INTERNET-DRAFT                                                J. Salsman
Filename: <draft-salsman-www-device-upload-07.txt>         Cisco Systems
to be submitted to the W3C, HTML activity for forms          1 June 1999

               Form-based Device Input in HTML

Status of this Memo

   This draft extends an experimental protocol for the Internet
   community.  This draft does not specify an Internet standard
   of any kind.  Discussion and suggestions for improvement are
   requested.  Distribution of this memo is unlimited.

   This document is an Internet-Draft and is in full conformance
   with all provisions of Section 10 of RFC 2026.

   Internet-Drafts are working documents of the Internet Engineering
   Task Force (IETF), its areas, and its working groups.  Note that
   other groups may also distribute working documents as
   Internet-Drafts.

   Internet-Drafts are draft documents valid for a maximum of six
   months and may be updated, replaced, or obsoleted by other
   documents at any time.  It is inappropriate to use Internet-
   Drafts as reference material or to cite them other than as
   "work in progress."

   The list of current Internet-Drafts can be accessed at
   http://www.ietf.org/ietf/1id-abstracts.txt
   The list of Internet-Draft Shadow Directories can be accessed at
   http://www.ietf.org/shadow.html

1.  Abstract

   Currently, HTML forms allow the producer of the form to request
   information -- including files of data -- from the operator reading
   the form.  However, this capability is limited because HTML forms
   don't provide a way to ask the operator to submit input from
   arbitrary sources such as audio devices like microphones.  Since
   input and upload from various devices is a feature that will
   benefit many applications, this draft proposes an extension to the
   HTML INPUT TYPE=FILE form element specified in [RFC 1867] to allow
   information providers to express requests for uploads from audio
   and other devices uniformly.  A discussion of MIME audio data
   types to facilitate useful audio upload responses follows.  Also
   security discussions are included, as are audio usability and
   quality discussions, and a description of a backward compatibility
   strategy allowing new user agents to utilize HTML written with
   earlier proposals for audio input in mind.  Motivations, including
   language instruction assistance, voice transcription, and
   high-quality transmission under low-bandwidth conditions, conclude.

2.  Introduction

   The following protocol extensions are defined by this memo:

   - a DEVICE attribute to be used in HTML with the INPUT element
   along with the TYPE=FILE attribute-value, which identifies the
   peripheral device from which the input file is to be taken.  The
   following nine device names are suggested in this memo:  microphone,
   mic, filesystem, files, camera, keyboard, scanner, serial, any.

   - an HTTP request header named Client-File-Maxlength, specifying a
   decimal integer of bytes, which specifies the input buffer length
   available to the client for storage of input data for file upload.

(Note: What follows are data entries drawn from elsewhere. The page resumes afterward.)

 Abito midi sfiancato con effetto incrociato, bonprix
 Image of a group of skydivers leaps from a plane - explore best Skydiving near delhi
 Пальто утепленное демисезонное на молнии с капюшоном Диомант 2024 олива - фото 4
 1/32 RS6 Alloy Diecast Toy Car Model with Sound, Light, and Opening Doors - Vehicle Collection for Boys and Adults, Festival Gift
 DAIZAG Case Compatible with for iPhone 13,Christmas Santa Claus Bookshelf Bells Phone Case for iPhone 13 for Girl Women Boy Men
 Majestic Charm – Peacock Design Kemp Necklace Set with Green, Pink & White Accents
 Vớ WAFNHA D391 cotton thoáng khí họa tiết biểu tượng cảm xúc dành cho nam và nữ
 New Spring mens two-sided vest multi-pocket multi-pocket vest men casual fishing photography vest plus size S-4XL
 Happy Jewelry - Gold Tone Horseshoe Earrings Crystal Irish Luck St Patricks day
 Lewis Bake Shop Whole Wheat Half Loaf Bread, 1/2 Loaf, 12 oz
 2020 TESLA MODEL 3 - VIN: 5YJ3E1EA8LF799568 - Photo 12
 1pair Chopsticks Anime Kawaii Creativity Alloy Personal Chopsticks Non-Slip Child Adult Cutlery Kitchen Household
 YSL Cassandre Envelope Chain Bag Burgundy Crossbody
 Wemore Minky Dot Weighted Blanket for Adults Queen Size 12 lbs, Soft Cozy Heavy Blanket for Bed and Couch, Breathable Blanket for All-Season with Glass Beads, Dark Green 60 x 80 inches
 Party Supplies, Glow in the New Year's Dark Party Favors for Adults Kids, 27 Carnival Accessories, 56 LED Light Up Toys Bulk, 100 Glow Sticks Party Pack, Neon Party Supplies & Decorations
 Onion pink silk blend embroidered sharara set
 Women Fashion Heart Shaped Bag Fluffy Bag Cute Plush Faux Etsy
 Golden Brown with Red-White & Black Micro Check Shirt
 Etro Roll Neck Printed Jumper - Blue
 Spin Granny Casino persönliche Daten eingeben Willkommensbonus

   - two parameters for the MIME Content-Disposition header:

     - 'device' -- the lowercase value of the DEVICE attribute, or
     'unavailable' if the requested device is supported but unavailable,
     or 'unsupported' if the device is not supported or the MIME type(s)
     requested in the ACCEPT attribute are not supported.

     - 'alternates' -- a space-separated list of MIME types which
     indicates the types available from the requested device when the
     requested type(s) are unsupported.

   - and the TYPE=AUDIO HTML Input element extension, first published
   in 1993 by Dave Raggett within the HTML+ Discussion Document, and
   implemented before the introduction of [RFC 1867].

3.  Extensions

   Section 3.1 of [RFC 1867] provides for the presentation of an
   arbitrary "widget" to specify input for file uploads.  When an
   INPUT tag of type FILE is encountered with a DEVICE attribute, the
   associated value (such as MICROPHONE, or MIC) should select the use
   of a widget capable of buffering and editing real-time input (such
   as speech) from the specified device, instead of selecting a file.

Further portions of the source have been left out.